Principles of genome folding into topologically associating domains

Abstract

Understanding the mechanisms that underlie chromosome folding within cell nuclei is essential to determine the relationship between genome structure and function. The recent application of "chromosome conformation capture" techniques has revealed that the genome of many species is organized into domains of preferential internal chromatin interactions called "topologically associating domains" (TADs). This chromosome chromosome folding has emerged as a key feature of higher-order genome organization and function through evolution. Although TADs have now been described in a wide range of organisms, they appear to have specific characteristics in terms of size, structure, and proteins involved in their formation. Here, we depict the main features of these domains across species and discuss the relation between chromatin structure, genome activity, and epigenome, highlighting mechanistic principles of TAD formation. We also consider the potential influence of TADs in genome evolution.

Fig. 1. Hierarchical folding of the eukaryotic genome.

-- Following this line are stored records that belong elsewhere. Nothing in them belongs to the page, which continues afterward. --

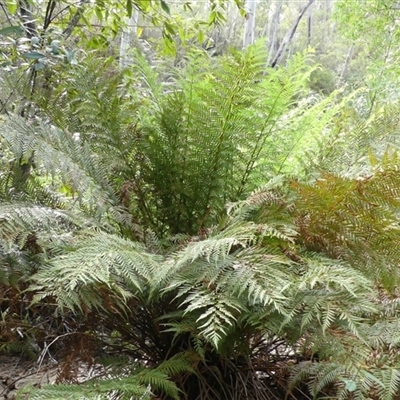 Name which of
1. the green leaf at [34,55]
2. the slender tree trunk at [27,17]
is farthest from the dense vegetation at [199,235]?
the slender tree trunk at [27,17]

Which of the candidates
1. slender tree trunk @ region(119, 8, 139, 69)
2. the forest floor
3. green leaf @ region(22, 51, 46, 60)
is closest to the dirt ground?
the forest floor

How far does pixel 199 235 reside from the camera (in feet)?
3.02

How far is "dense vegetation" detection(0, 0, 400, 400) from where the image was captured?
0.71 m

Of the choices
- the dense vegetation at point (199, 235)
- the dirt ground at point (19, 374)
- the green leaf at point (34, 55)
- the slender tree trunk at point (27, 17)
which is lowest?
the dirt ground at point (19, 374)

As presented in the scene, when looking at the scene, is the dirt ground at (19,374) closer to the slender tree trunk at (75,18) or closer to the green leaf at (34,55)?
the green leaf at (34,55)

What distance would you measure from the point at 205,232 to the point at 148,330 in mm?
254

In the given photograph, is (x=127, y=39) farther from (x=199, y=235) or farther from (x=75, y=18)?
(x=199, y=235)

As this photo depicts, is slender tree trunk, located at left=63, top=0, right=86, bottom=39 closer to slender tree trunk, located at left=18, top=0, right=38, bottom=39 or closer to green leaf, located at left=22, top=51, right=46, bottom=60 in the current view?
slender tree trunk, located at left=18, top=0, right=38, bottom=39

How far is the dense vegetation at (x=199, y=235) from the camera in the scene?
0.71 metres

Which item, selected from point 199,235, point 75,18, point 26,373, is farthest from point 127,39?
point 26,373

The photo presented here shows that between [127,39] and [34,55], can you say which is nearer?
[34,55]

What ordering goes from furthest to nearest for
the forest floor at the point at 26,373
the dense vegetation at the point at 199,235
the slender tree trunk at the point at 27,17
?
the slender tree trunk at the point at 27,17
the forest floor at the point at 26,373
the dense vegetation at the point at 199,235

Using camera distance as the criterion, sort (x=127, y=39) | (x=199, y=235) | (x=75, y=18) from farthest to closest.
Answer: (x=127, y=39), (x=75, y=18), (x=199, y=235)

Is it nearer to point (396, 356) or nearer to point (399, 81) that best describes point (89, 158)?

(A) Schematic view of chromosome folding inside the nucleus. The finest layer of chromatin folding is at the DNA-histone association level, forming nucleosomes organized into the ~11-nm chromatin fiber (133). Chromatin is packed at different nucleosome densities depending on gene regulation and folds at the submegabase scale into higher-order domains of preferential internal interactions, referred to as TADs. At the chromosomal scale, chromatin is segregated into active “A” and repressed “B” compartments of interactions, reflecting preferential contacts between chromatin regions of the same epigenetic features. Individual chromosomes occupy their own space within the nucleus, forming chromosome territories. (B) Schematic representation of Hi-C maps at different genomic scales, reflecting the different layers of higher-order chromosome folding. Genomic coordinates are indicated on both axes, and the contact frequency between regions is represented by a color code. At the submegabase scale, TADs appear as squares along the diagonal enriched in interactions, separated by contact depletion zones delimited by TAD boundaries. At the chromosomal scale, chromatin long-range interactions form a characteristic plaid pattern of two mutually excluded A and B compartments. Last, intrachromosomal interactions are overrepresented compared to interchromosomal contacts, consistent with the formation of individual chromosome territories.

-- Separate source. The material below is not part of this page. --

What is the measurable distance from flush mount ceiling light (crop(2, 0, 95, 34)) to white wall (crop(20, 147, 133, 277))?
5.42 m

Fig. 2. Examples of Hi-C profiles from different species.

Hi-C maps [visualized with Juicebox (134)] of different species (24, 67, 75, 90, 135) showing more or less pronounced 3D partitioning of the genome. TADs are not obvious in Arabidopsis genome, but boundary-like regions and insulated genome units are discernible. In Drosophila, TADs are well demarcated and correlate well with the epigenetic landscape. A specific feature of mammalian TADs is the presence of “corner peaks,” i.e., peaks of interactions at the edges of TADs (indicated by black circles), revealing the presence of chromatin loops.

Fig. 3. Schematic representation of chromatin folding in Drosophila and mammals.

(A) In Drosophila, both TADs and compartments correspond to epigenetic domains that preferentially fold within themselves and in far-cis with homotypic TADs (1). Large repressed chromatin region forms prominent and condensed TADs (2), separated by transcribed genes that can form clusters of small active TAD or inter-TAD–like regions of decondensed chromatin (3). (B) In mammals, the “loop extrusion model” proposed for TAD formation involves a loop extrusion factor, here cohesin, loaded on the chromatin by Nipbl and unloaded by Wapl. Cohesin extrudes chromatin until it dissociates, bumps into another cohesin, or reaches the border of the TAD bound by CTCF proteins in inverted orientation or by other boundary components. These loops are seen as a strong peak of interaction between TAD borders (1). Insulation can also be observed at active transcription start sites (2), and as recently suggested, the loop extrusion process could compete with the local segregation of active and inactive chromatin by mixing them (3) (45).